The author conveys the sunny days, aromatic eucalyptus, and blue skies of 1970s Los Angeles as he drops the reader into the struggling movie industry and the emerging talent that would rewrite and save the film business. 

This book multitasks in compelling ways.  It is part biography, history, LA culture, industry case study, and an exploration of the creative process. 

I especially appreciated the background of the players and the way their past informed the motivations and emotional struggles to get the work done and the film in the can. 

Polanski, dealing with the loss of his wife Sharon Tate at the hands of Charles Manson’s gang was chilling as he struggled with depression, while suspecting his friends of the horrendous crime.  Wasson shares how the murders changed LA culture from joyful and free-spirited to fearful and paranoid.

I appreciate the friendships and the generosity of the era as Nicholson, Towne, Evans and their Hollywood pals worked to develop Towne’s script believing in each other and what the movie could be.  Wasson shares how Towne had his good friend Edward Taylor, who for no pay, helped flesh out the story’s structure.

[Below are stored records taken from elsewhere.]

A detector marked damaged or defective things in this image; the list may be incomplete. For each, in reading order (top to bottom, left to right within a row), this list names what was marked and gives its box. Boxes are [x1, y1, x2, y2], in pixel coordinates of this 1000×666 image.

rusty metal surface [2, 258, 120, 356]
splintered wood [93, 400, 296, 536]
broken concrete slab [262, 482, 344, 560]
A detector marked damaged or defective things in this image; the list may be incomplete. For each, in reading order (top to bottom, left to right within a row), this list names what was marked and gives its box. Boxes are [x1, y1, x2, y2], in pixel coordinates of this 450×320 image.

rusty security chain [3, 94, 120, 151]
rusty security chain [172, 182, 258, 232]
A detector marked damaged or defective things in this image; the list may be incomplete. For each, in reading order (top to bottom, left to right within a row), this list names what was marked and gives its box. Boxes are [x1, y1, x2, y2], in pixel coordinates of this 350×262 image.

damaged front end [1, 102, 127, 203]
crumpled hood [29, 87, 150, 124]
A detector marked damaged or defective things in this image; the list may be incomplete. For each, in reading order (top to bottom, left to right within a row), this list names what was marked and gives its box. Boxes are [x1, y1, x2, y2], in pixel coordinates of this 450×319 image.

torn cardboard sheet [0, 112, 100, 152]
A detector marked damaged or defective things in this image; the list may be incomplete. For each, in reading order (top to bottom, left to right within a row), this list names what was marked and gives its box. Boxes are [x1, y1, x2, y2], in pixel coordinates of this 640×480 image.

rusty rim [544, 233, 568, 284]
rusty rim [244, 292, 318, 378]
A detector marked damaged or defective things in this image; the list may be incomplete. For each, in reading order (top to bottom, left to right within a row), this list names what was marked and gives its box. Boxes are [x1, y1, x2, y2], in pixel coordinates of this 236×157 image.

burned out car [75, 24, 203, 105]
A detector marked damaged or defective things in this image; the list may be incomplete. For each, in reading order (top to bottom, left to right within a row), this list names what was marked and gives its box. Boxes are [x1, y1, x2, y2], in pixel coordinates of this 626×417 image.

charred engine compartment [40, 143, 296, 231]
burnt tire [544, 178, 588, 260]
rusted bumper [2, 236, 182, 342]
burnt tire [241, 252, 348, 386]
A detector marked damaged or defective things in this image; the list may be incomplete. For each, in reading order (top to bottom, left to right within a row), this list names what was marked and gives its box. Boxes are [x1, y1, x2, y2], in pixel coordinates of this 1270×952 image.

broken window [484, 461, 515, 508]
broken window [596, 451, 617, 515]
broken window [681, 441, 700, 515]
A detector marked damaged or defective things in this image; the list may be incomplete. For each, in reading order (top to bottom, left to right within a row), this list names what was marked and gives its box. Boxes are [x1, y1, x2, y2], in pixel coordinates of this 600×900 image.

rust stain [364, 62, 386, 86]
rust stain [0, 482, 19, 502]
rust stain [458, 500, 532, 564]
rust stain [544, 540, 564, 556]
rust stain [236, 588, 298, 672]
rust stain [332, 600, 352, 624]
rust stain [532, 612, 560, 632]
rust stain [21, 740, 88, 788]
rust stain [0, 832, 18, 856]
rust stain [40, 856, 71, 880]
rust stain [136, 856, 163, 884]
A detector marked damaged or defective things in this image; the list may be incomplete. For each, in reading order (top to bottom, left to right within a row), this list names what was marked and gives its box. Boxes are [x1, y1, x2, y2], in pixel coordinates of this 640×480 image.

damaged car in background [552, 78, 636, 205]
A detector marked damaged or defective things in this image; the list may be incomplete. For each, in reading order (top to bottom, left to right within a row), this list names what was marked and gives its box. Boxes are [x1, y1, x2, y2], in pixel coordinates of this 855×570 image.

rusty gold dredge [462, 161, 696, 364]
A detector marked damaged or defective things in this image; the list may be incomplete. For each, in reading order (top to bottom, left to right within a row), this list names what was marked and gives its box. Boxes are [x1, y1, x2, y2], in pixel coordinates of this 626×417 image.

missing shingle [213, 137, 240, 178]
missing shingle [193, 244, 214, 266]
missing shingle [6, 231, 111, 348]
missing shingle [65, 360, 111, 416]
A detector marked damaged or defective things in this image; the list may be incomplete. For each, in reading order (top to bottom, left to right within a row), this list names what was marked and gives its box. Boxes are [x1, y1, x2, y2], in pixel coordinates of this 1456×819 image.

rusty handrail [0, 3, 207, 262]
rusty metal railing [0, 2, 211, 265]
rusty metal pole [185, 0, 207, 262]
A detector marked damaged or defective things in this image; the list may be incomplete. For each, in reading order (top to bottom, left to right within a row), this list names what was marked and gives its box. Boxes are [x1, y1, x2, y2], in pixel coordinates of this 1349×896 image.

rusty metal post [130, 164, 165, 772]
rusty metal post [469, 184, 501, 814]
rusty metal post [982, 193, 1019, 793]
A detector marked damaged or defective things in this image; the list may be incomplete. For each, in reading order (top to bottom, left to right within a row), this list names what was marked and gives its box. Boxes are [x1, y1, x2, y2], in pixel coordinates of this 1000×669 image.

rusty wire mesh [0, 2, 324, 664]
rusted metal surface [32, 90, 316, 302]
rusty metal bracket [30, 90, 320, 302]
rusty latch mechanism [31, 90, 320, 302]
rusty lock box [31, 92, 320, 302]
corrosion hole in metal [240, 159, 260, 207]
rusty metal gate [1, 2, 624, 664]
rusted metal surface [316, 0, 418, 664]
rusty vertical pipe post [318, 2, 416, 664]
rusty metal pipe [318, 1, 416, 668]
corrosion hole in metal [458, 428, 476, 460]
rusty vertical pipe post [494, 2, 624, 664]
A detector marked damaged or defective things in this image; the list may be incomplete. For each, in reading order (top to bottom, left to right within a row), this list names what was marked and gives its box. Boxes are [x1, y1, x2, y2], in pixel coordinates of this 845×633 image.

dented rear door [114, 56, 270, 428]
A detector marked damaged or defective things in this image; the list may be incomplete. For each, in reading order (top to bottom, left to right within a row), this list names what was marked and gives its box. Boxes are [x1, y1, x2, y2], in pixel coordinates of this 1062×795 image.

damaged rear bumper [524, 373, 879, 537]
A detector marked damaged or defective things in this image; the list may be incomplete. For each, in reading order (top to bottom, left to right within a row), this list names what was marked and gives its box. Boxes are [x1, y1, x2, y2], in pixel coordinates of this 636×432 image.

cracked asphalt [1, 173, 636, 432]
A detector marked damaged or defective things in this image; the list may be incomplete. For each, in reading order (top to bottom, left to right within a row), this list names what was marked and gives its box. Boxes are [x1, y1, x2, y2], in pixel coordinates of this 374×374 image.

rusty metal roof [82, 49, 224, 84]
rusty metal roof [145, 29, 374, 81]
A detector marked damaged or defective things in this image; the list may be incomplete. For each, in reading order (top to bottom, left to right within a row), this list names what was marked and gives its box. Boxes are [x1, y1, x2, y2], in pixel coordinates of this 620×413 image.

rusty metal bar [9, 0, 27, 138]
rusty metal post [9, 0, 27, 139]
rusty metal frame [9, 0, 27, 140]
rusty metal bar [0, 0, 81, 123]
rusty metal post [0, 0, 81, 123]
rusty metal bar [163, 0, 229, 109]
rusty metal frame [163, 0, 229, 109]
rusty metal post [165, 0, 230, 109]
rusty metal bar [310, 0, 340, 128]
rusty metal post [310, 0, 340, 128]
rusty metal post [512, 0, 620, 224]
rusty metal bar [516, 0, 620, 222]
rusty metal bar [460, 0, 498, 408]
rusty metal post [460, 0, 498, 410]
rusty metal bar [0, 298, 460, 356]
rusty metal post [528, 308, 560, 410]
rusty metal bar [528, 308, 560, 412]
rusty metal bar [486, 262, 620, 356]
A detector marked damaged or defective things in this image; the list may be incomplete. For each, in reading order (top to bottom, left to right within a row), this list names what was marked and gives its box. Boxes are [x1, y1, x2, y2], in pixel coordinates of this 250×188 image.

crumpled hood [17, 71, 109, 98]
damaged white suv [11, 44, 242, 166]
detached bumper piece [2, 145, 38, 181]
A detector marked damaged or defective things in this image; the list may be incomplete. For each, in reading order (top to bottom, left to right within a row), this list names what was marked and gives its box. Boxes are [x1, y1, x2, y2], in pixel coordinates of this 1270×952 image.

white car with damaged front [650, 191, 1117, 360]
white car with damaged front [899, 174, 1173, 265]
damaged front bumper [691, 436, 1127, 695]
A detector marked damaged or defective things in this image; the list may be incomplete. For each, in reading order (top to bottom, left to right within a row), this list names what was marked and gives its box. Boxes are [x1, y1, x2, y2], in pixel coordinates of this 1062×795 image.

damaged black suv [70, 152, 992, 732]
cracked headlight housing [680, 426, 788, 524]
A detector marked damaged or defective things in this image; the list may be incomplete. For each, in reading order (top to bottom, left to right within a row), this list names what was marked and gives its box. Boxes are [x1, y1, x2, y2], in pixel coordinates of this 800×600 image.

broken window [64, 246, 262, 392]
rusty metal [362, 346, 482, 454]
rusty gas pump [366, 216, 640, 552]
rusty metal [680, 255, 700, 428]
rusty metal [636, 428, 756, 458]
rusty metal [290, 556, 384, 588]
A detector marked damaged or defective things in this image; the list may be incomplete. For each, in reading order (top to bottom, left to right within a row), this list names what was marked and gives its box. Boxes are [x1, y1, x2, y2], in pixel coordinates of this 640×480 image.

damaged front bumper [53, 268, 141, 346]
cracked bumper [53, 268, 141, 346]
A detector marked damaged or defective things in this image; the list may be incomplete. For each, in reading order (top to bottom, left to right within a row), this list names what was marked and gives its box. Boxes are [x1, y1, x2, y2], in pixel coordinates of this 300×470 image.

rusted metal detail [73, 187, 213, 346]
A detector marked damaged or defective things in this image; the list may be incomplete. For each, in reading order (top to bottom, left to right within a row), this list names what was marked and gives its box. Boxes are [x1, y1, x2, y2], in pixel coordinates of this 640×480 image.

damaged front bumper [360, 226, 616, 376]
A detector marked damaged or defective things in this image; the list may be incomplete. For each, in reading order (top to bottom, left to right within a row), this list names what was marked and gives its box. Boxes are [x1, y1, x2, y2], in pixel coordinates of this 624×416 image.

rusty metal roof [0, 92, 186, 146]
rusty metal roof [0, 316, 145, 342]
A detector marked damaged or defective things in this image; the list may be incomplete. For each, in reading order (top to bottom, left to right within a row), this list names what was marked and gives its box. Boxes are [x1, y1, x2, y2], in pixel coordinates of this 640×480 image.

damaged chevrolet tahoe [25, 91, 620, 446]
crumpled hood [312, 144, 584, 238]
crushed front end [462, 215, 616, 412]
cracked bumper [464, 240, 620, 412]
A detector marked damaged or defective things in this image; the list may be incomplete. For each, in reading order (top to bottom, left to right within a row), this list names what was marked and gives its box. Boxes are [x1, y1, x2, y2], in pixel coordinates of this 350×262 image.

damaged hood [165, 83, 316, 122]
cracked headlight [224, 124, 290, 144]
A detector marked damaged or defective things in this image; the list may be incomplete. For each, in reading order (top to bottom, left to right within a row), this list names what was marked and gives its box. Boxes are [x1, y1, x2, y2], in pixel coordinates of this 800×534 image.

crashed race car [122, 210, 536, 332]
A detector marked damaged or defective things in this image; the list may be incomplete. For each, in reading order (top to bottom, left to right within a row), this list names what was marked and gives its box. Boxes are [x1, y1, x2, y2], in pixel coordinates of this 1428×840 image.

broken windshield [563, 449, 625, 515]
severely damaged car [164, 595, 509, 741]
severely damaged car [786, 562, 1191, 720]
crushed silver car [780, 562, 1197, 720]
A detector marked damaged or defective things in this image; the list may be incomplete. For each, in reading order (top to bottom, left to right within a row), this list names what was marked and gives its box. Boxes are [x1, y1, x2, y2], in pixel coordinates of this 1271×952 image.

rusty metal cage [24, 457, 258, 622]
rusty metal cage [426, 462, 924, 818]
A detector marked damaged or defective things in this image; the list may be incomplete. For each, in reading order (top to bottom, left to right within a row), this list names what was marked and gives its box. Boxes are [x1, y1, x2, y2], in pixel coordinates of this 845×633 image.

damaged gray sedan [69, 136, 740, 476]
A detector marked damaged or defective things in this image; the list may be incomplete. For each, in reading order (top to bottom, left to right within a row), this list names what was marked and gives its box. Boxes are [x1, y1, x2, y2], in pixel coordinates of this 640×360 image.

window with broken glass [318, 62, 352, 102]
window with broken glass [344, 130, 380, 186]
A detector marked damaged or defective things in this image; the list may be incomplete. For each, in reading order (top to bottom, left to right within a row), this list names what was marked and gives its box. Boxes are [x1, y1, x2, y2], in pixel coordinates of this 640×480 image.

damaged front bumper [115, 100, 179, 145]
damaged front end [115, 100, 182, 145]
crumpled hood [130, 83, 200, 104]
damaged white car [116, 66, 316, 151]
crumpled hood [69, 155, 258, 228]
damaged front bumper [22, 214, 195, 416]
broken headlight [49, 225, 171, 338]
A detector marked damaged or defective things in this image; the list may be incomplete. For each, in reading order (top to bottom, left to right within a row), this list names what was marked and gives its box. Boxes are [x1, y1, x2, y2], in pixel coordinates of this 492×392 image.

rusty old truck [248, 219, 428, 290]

Evans conscripted New York Times journalist Peter Bart to help him build a vision of a studio driven by quality stories and young energetic talent.  The two would come out to Palm Springs to work.  (Peter Bart still has a home in Palm Springs.)  Bart was knowledgeable about the business of Hollywood, its celebrities and how it all worked together from his extensive reporting on the LA industry.

If you love movies and movie stars, have an interest in the industry and how it shaped Los Angeles, or if you are struggling with a screenplay, The Big Goodbye is a fun and insightful read about the business of Hollywood and the complex, creative process.

The film industry has changed since “Chinatown.”  Its culture and attitude is less friendly, brave and creative.  Narrative stories have been replaced with superhero flicks guaranteed to fill studio coffers.   But it is just another era, another iteration of a business that continues to evolve. 

The Hollywood that brought “Chinatown” to the big screen is gone.  Today, Hollywood is not a place, but a state of mind – much like the Chinatown metaphor depicted in the film.